What the task asks:
Retype every entry precisely and keep each line whole.

Source data:
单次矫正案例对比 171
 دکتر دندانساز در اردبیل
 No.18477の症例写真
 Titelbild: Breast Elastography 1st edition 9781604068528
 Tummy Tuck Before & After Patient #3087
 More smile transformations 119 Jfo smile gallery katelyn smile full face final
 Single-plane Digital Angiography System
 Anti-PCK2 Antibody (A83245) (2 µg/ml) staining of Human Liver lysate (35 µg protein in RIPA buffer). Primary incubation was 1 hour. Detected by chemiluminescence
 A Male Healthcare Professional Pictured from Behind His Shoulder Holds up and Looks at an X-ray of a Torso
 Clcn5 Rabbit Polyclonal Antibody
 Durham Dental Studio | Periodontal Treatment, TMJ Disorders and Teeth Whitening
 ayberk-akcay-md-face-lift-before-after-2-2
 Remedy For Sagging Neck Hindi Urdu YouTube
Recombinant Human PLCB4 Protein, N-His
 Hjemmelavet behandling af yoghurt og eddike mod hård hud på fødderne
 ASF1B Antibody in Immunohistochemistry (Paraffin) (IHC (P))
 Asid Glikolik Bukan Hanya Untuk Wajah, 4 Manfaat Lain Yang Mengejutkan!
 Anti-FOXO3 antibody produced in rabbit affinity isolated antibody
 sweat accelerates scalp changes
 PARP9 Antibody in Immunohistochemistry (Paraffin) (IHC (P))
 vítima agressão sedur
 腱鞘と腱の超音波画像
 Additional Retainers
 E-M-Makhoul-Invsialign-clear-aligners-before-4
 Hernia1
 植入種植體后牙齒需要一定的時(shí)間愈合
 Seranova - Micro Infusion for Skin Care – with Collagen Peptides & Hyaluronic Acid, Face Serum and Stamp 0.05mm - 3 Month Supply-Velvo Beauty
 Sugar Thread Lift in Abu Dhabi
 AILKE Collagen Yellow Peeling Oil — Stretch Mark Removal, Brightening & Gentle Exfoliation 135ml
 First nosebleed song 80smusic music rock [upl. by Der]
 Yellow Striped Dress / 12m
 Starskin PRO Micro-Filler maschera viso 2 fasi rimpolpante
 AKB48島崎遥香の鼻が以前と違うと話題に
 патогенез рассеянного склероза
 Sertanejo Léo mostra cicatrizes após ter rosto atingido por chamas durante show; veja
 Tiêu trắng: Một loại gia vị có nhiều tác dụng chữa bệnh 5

Task output:
单次矫正案例对比 171
 دکتر دندانساز در اردبیل
 No.18477の症例写真
 Titelbild: Breast Elastography 1st edition 9781604068528
 Tummy Tuck Before & After Patient #3087
 More smile transformations 119 Jfo smile gallery katelyn smile full face final
 Single-plane Digital Angiography System
 Anti-PCK2 Antibody (A83245) (2 µg/ml) staining of Human Liver lysate (35 µg protein in RIPA buffer). Primary incubation was 1 hour. Detected by chemiluminescence
 A Male Healthcare Professional Pictured from Behind His Shoulder Holds up and Looks at an X-ray of a Torso
 Clcn5 Rabbit Polyclonal Antibody
 Durham Dental Studio | Periodontal Treatment, TMJ Disorders and Teeth Whitening
 ayberk-akcay-md-face-lift-before-after-2-2
 Remedy For Sagging Neck Hindi Urdu YouTube
Recombinant Human PLCB4 Protein, N-His
 Hjemmelavet behandling af yoghurt og eddike mod hård hud på fødderne
 ASF1B Antibody in Immunohistochemistry (Paraffin) (IHC (P))
 Asid Glikolik Bukan Hanya Untuk Wajah, 4 Manfaat Lain Yang Mengejutkan!
 Anti-FOXO3 antibody produced in rabbit affinity isolated antibody
 sweat accelerates scalp changes
 PARP9 Antibody in Immunohistochemistry (Paraffin) (IHC (P))
 vítima agressão sedur
 腱鞘と腱の超音波画像
 Additional Retainers
 E-M-Makhoul-Invsialign-clear-aligners-before-4
 Hernia1
 植入種植體后牙齒需要一定的時(shí)間愈合
 Seranova - Micro Infusion for Skin Care – with Collagen Peptides & Hyaluronic Acid, Face Serum and Stamp 0.05mm - 3 Month Supply-Velvo Beauty
 Sugar Thread Lift in Abu Dhabi
 AILKE Collagen Yellow Peeling Oil — Stretch Mark Removal, Brightening & Gentle Exfoliation 135ml
 First nosebleed song 80smusic music rock [upl. by Der]
 Yellow Striped Dress / 12m
 Starskin PRO Micro-Filler maschera viso 2 fasi rimpolpante
 AKB48島崎遥香の鼻が以前と違うと話題に
 патогенез рассеянного склероза
 Sertanejo Léo mostra cicatrizes após ter rosto atingido por chamas durante show; veja
 Tiêu trắng: Một loại gia vị có nhiều tác dụng chữa bệnh 5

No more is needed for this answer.